KENANGAN BERSAMA ALMARHUM AYAH (2016)

Almarhum Ayahku adalah orang yang tegas dan berwibawa, seperti orang tua jaman dahulu pada umumnya. Meskipun begitu, di dalam hatinya, Beliau adalah orang yang sangat sayang kepada keluarga, terutama anak-anaknya.

Waktu dulu aku masih kecil, setiap sakit, sesibuk-sibuknya Beliau, pulang kantor pasti menyempatkan diri memegang dahiku. Mengecek, panas atau tidak. Tak lupa membawakan apapun permintaanku karena biasanya setiap aku sakit karena menginginkan sesuatu.

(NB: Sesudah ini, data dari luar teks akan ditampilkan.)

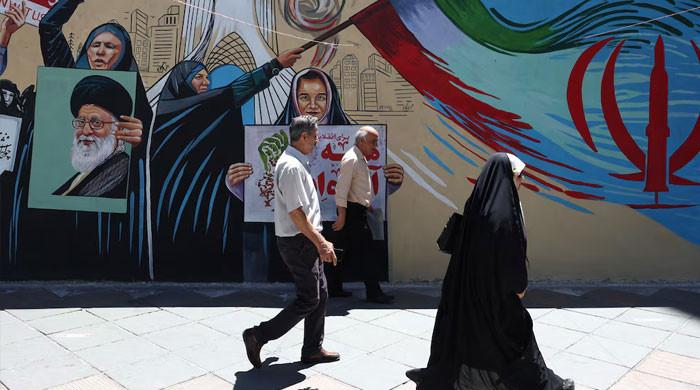 Iran eyes limited US deal to relieve economic strain and buy time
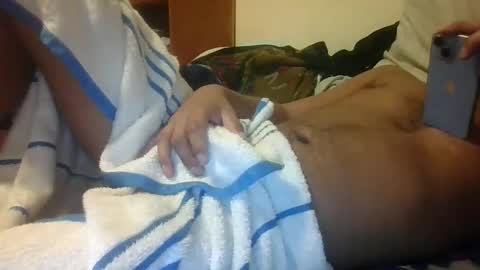 Snapshot of astroluis22mi chatting on 10/05/25, 04:55 astroluis22mi online show from 10/05/25, 04:55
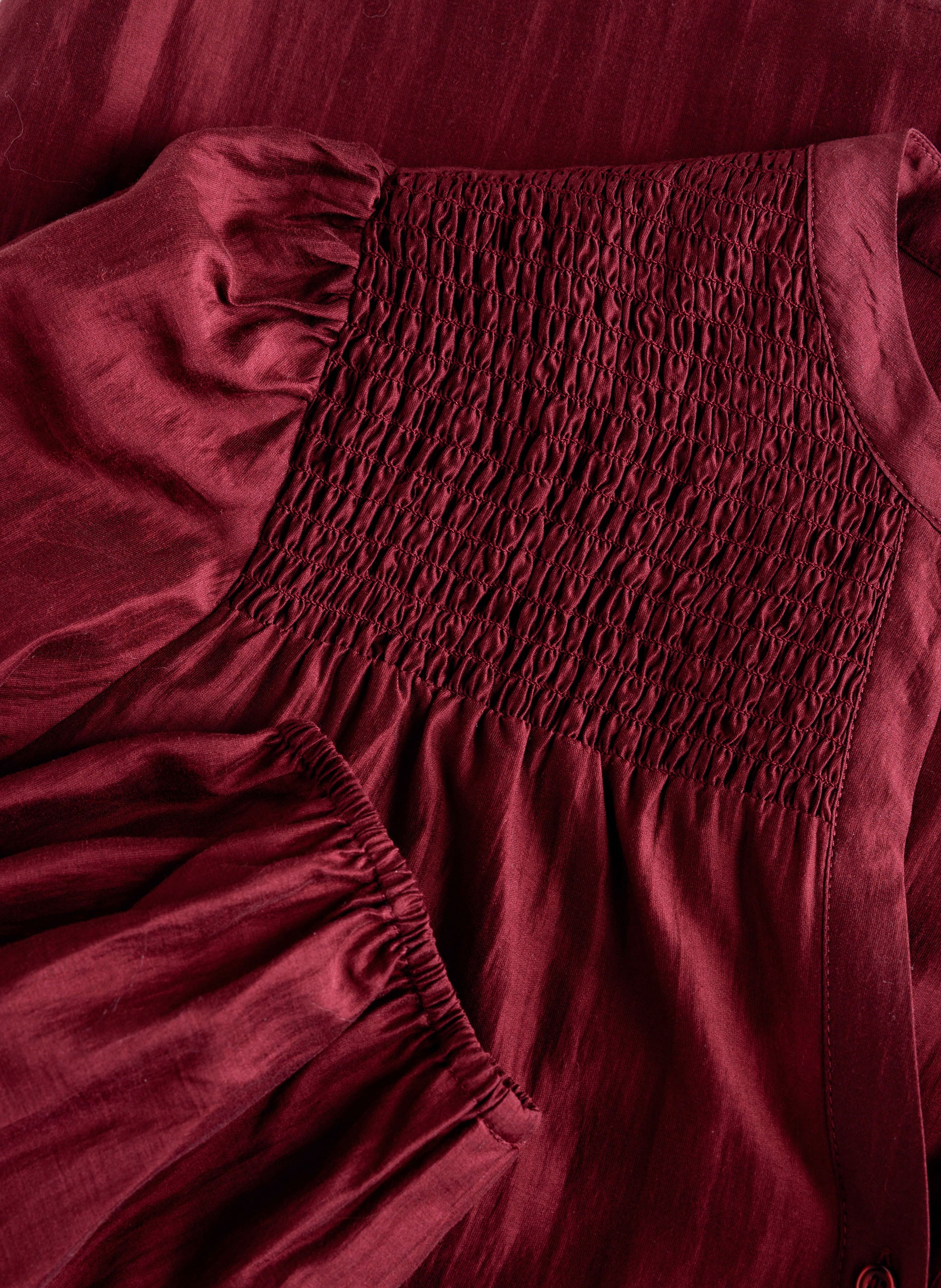Taisa | Wine Red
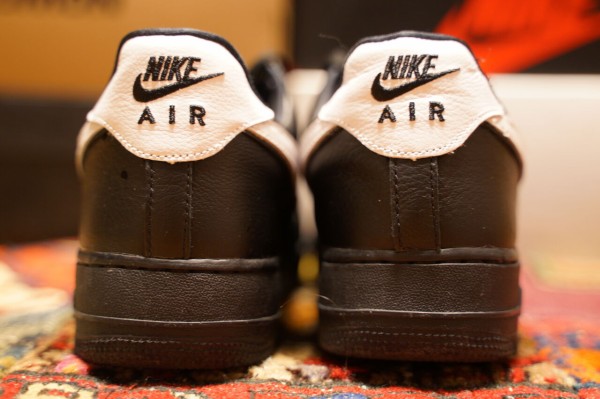 NIKE AIR FORCE 1 LOW RETRO QS BLACK 2024 : ああ、好きに走れ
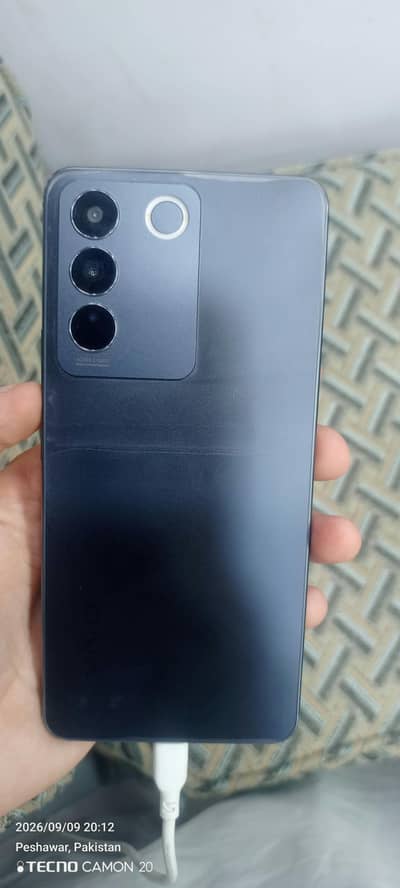 Vivo V27e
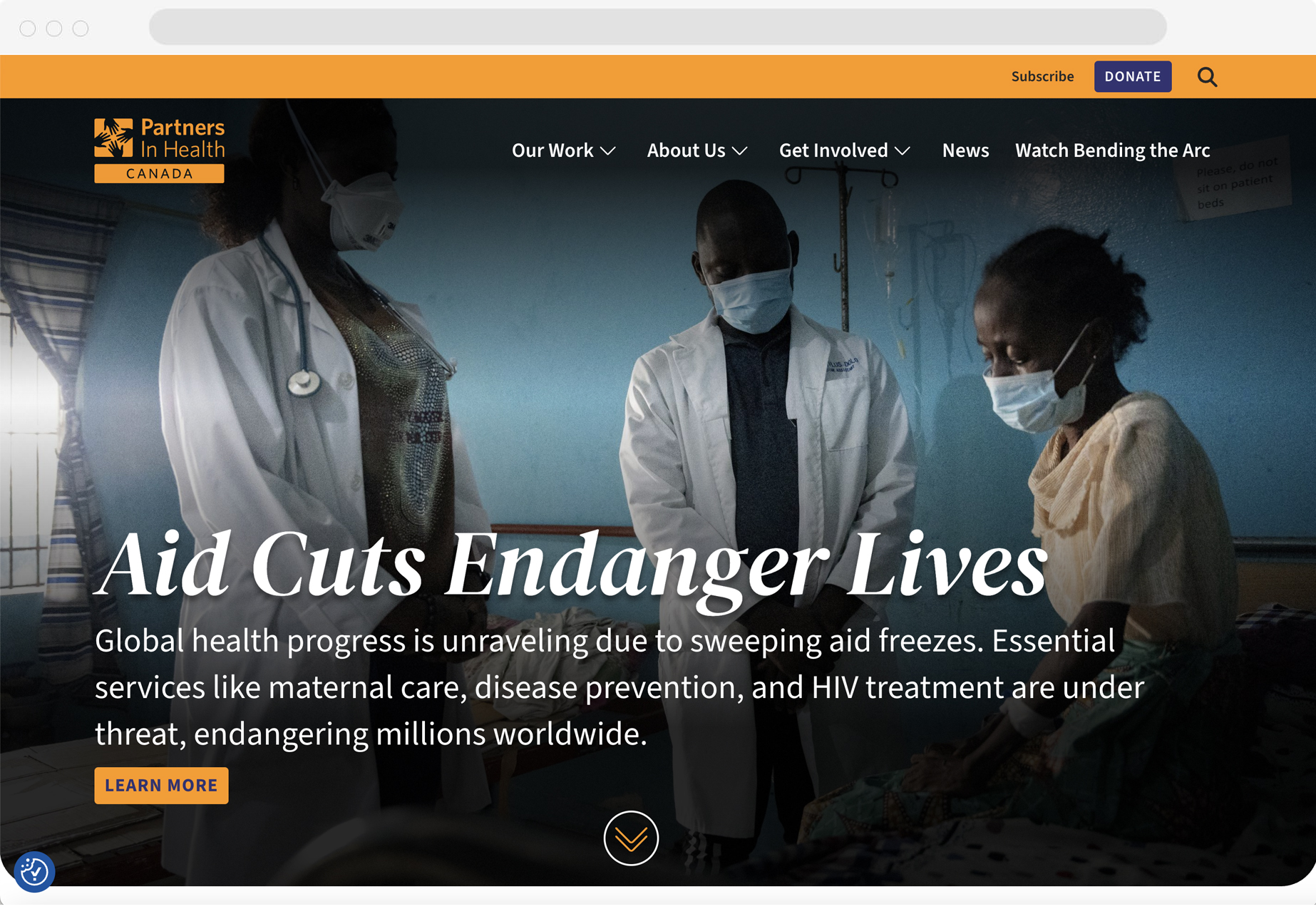 Homepage of Partners in Health Canada that features a photo of doctors wearing masks talking with one another.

Entah itu boneka, buku, sepatu, atau perhiasan. Percaya atau tidak, setelah dibelikan permintaanku, maka aku akan sembuh. Ada cerita lucu tentang itu. Suatu saat aku ditanya oleh Beliau, “Kamu sakit memangnya kepingin apa nduk?”. Kujawab bahwa aku menginginkan gelang kaki emas. Dan pulang kantor Beliau membawakan gelang kaki emas besar, dan seperti biasa aku langsung sembuh. Tapi 3 hari kemudian aku sakit lagi, ketika tahu bahwa itu bukan gelang emas karena perlahan berubah biru dan luntur di kaki. Geli rasanya kalau ingat cerita itu lagi.

Ketegasan Beliau terlihat saat aku mulai beranjak dewasa. Waktu itu, usia dianggap dewasa adalah ketika berumur 17 tahun. Tepat sehari setelah perayaan ulang tahun ke-17 ku, Beliau mengajak ke RT, RW dan Kelurahan untuk mengurus KTP. Tapi Beliau hanya sebatas mengantar dan tidak ikut masuk. Kata Beliau waktu itu, aku ‘harus’ belajar mandiri. Satu hal penting yang banyak orang tua lupa (apalagi masa sekarang ini) untuk mengajarkan kepada anak-anaknya: kemandirian.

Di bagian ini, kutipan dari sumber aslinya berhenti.